What should be copied is the stretch of entries below from the line with "Pink and Black" up to and including the line with "Preview: Cheese Plate.", exactly and without images.
--- START ---
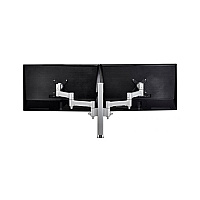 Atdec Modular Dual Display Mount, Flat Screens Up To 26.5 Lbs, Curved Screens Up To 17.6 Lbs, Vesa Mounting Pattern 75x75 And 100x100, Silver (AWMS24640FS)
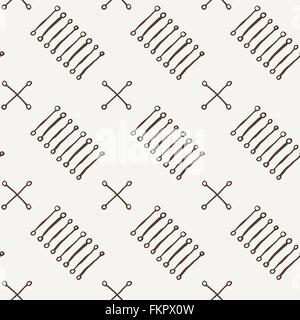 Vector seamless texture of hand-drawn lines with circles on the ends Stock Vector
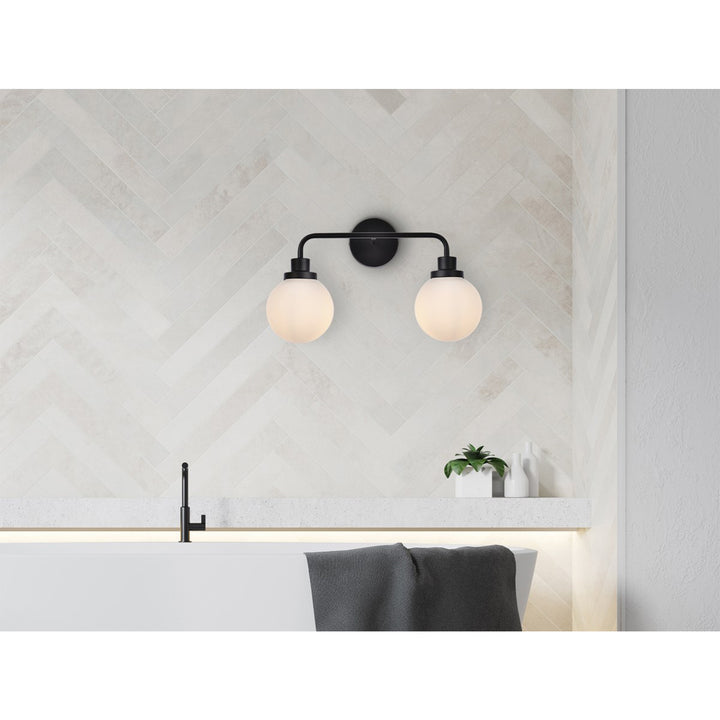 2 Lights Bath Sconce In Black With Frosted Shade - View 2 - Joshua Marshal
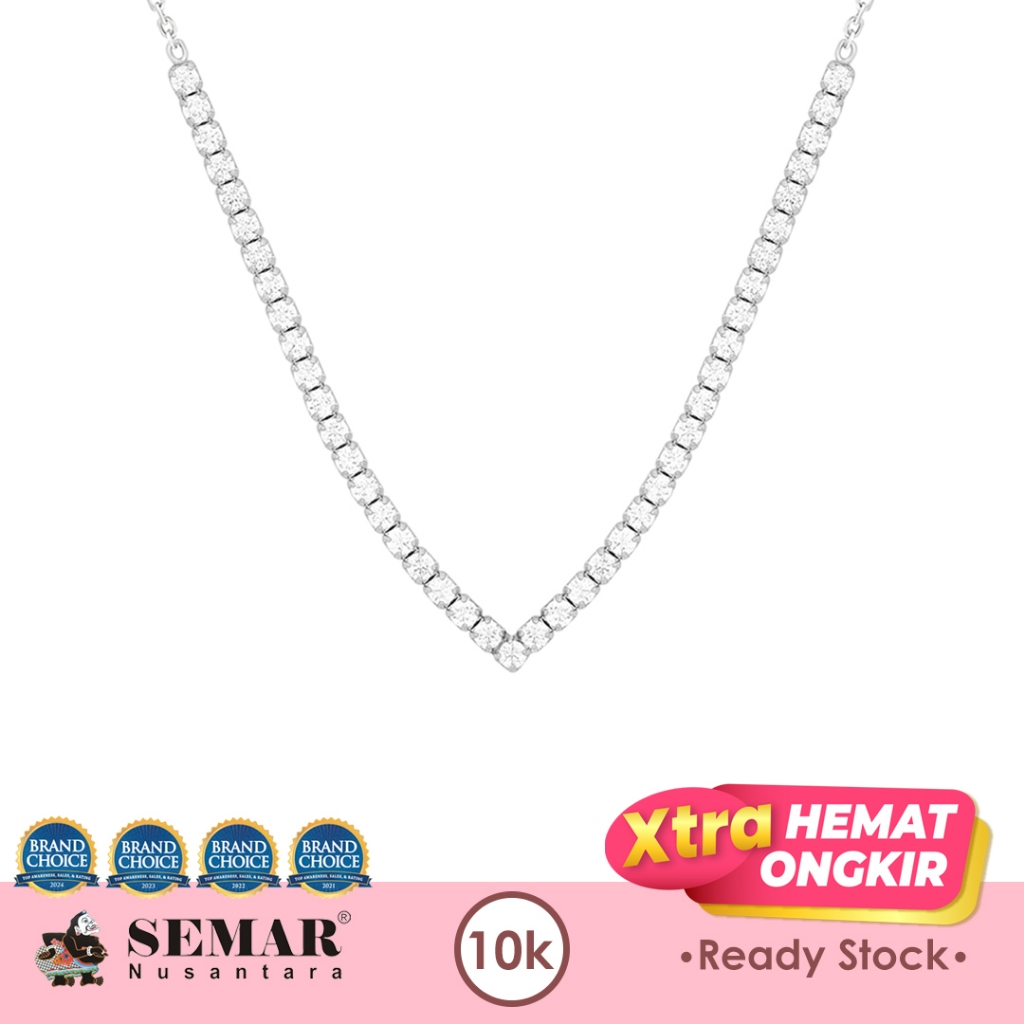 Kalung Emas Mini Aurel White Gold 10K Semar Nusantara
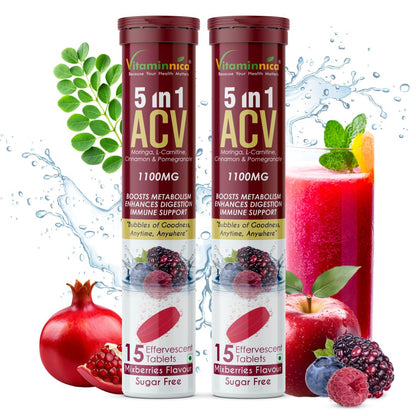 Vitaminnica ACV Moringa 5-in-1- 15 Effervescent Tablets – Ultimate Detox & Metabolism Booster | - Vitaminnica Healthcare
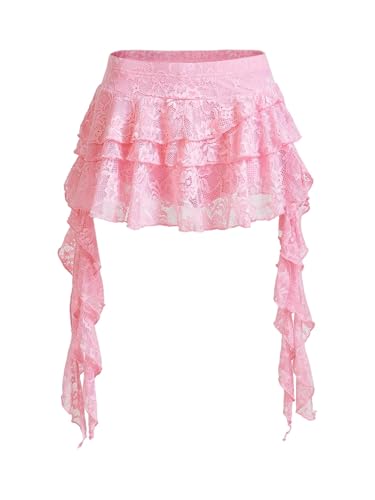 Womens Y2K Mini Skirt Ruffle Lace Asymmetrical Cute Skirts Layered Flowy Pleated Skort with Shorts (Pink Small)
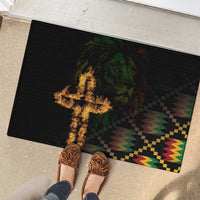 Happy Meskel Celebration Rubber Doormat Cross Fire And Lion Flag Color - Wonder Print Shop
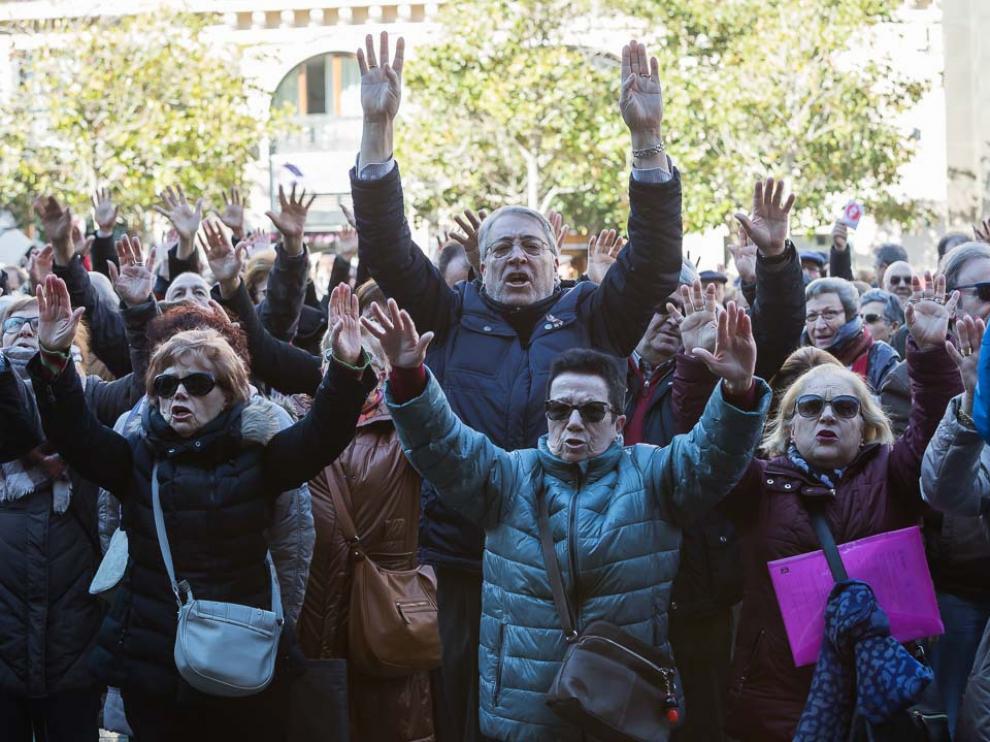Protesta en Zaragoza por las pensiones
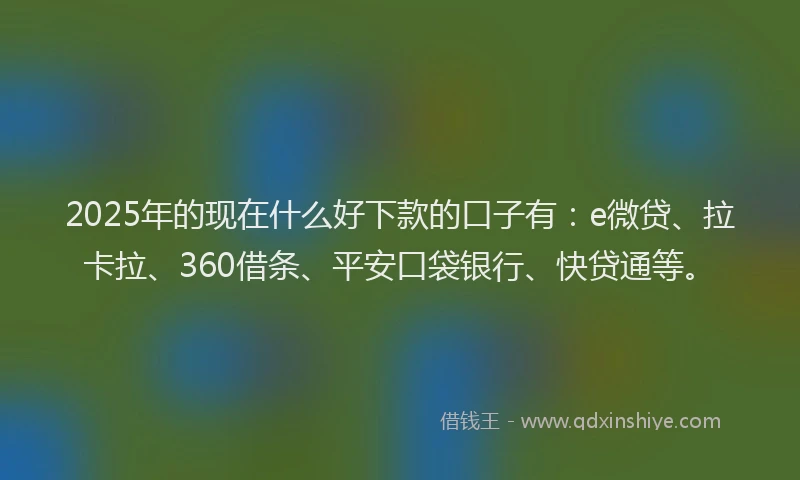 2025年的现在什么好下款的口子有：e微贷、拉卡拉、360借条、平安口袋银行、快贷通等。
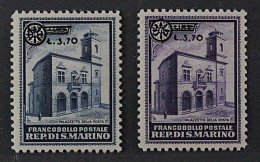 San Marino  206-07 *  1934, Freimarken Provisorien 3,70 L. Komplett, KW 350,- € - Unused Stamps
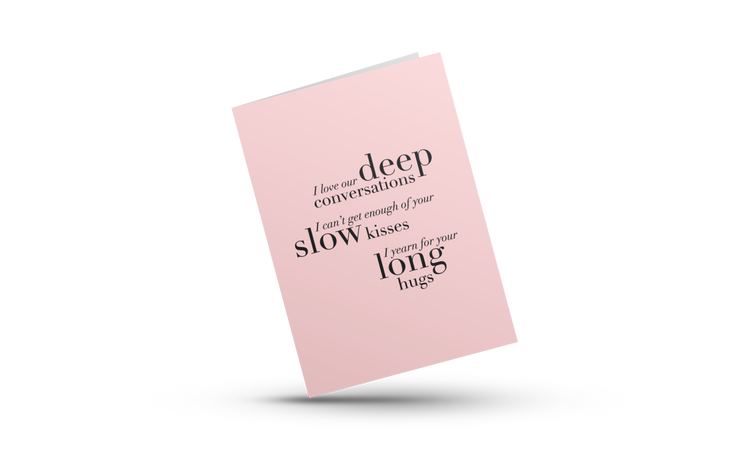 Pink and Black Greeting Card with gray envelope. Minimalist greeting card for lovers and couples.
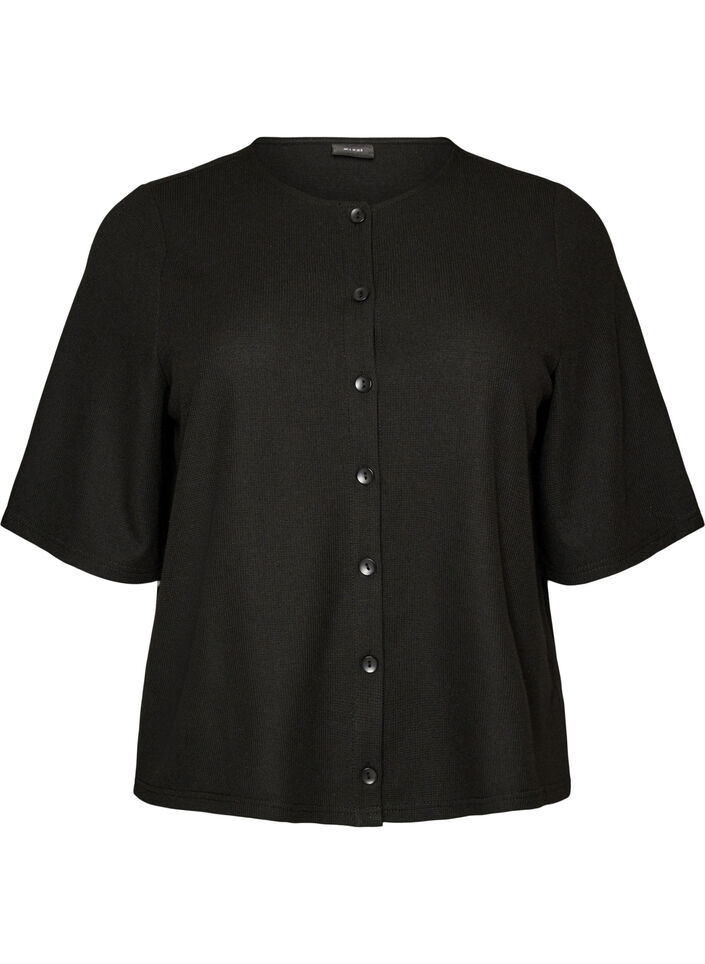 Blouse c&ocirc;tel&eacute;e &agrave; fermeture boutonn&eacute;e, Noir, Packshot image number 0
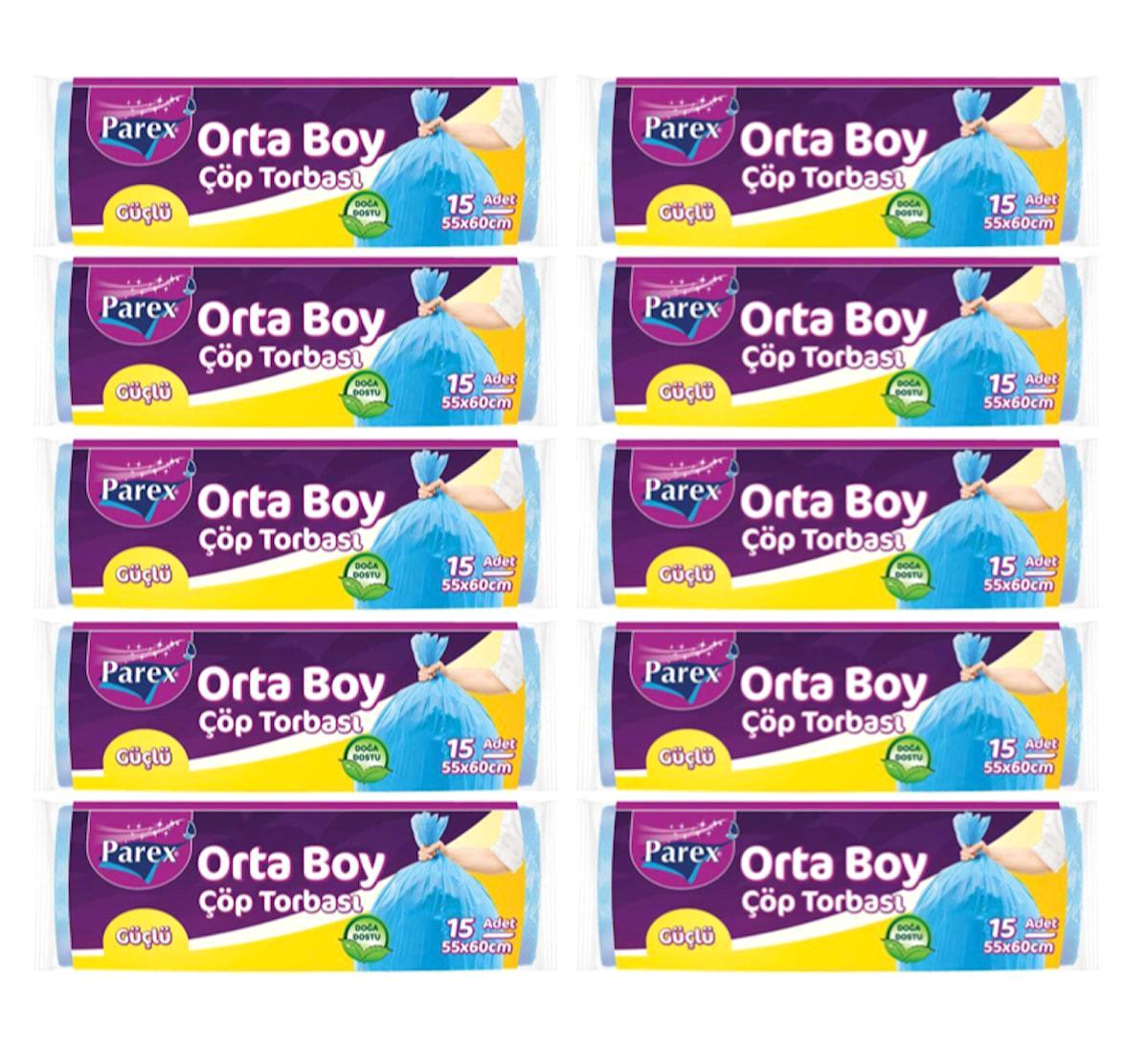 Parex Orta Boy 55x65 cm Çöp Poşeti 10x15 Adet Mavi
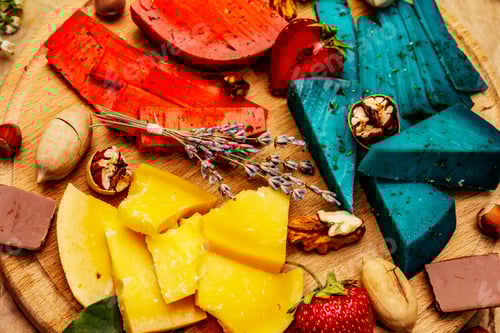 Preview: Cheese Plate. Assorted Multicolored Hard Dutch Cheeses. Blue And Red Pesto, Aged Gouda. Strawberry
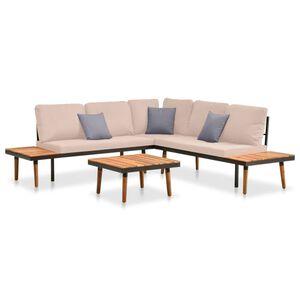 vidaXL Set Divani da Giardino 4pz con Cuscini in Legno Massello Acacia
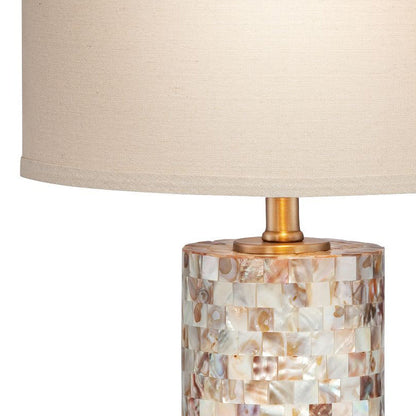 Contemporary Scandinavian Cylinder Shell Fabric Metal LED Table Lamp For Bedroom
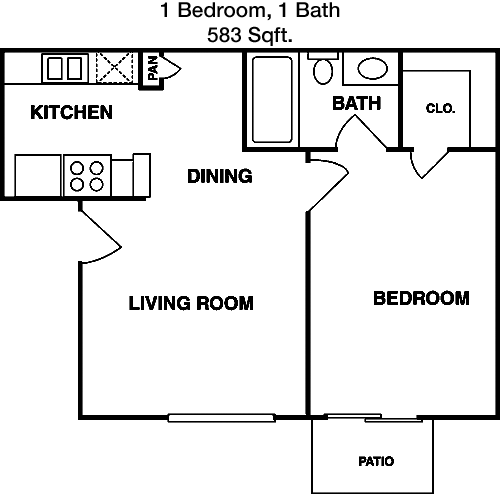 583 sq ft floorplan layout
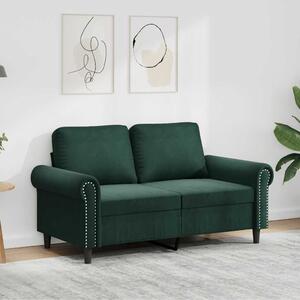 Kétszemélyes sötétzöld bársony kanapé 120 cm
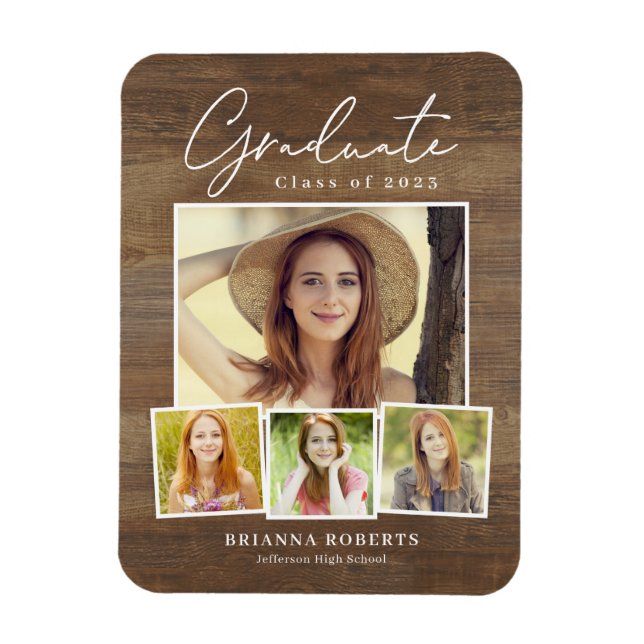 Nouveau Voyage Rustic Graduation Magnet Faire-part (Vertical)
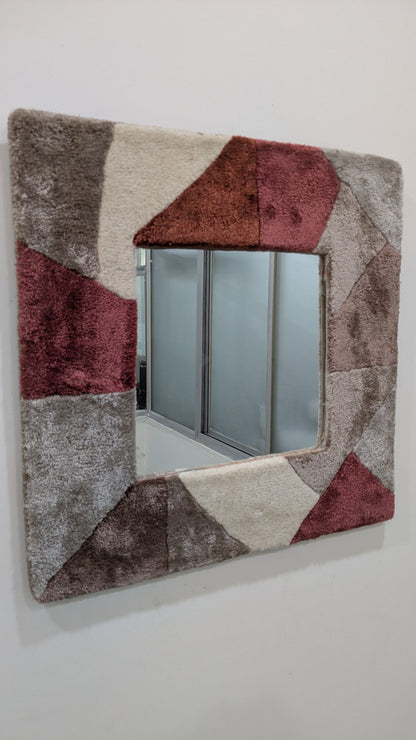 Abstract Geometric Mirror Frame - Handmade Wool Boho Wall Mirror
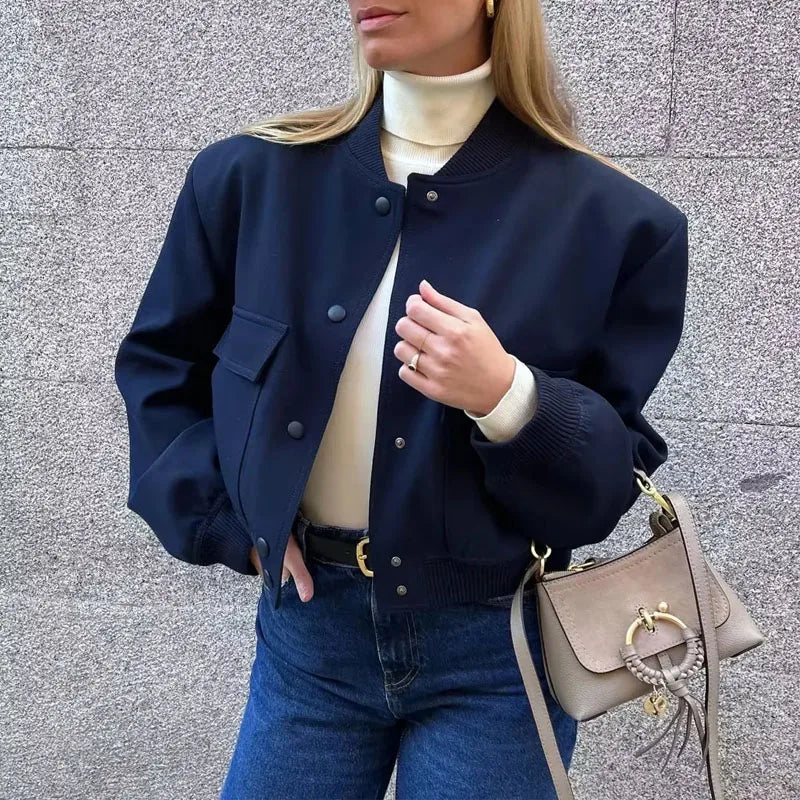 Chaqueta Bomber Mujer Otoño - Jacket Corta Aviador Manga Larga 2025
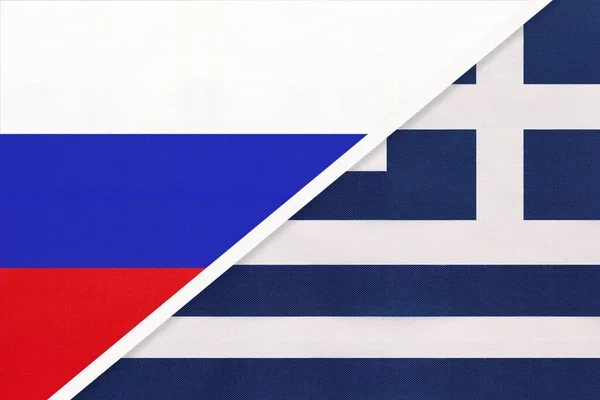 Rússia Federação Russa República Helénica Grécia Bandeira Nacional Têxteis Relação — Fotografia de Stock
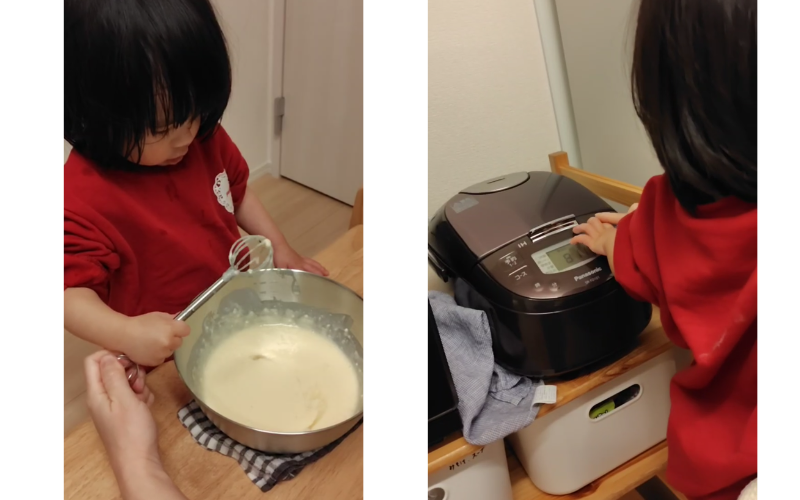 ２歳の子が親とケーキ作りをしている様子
--- END ---
● **TASK RESULT**:
 Pink and Black Greeting Card with gray envelope. Minimalist greeting card for lovers and couples.
 Blouse c&ocirc;tel&eacute;e &agrave; fermeture boutonn&eacute;e, Noir, Packshot image number 0
 Parex Orta Boy 55x65 cm Çöp Poşeti 10x15 Adet Mavi
 Preview: Cheese Plate. Assorted Multicolored Hard Dutch Cheeses. Blue And Red Pesto, Aged Gouda. Strawberry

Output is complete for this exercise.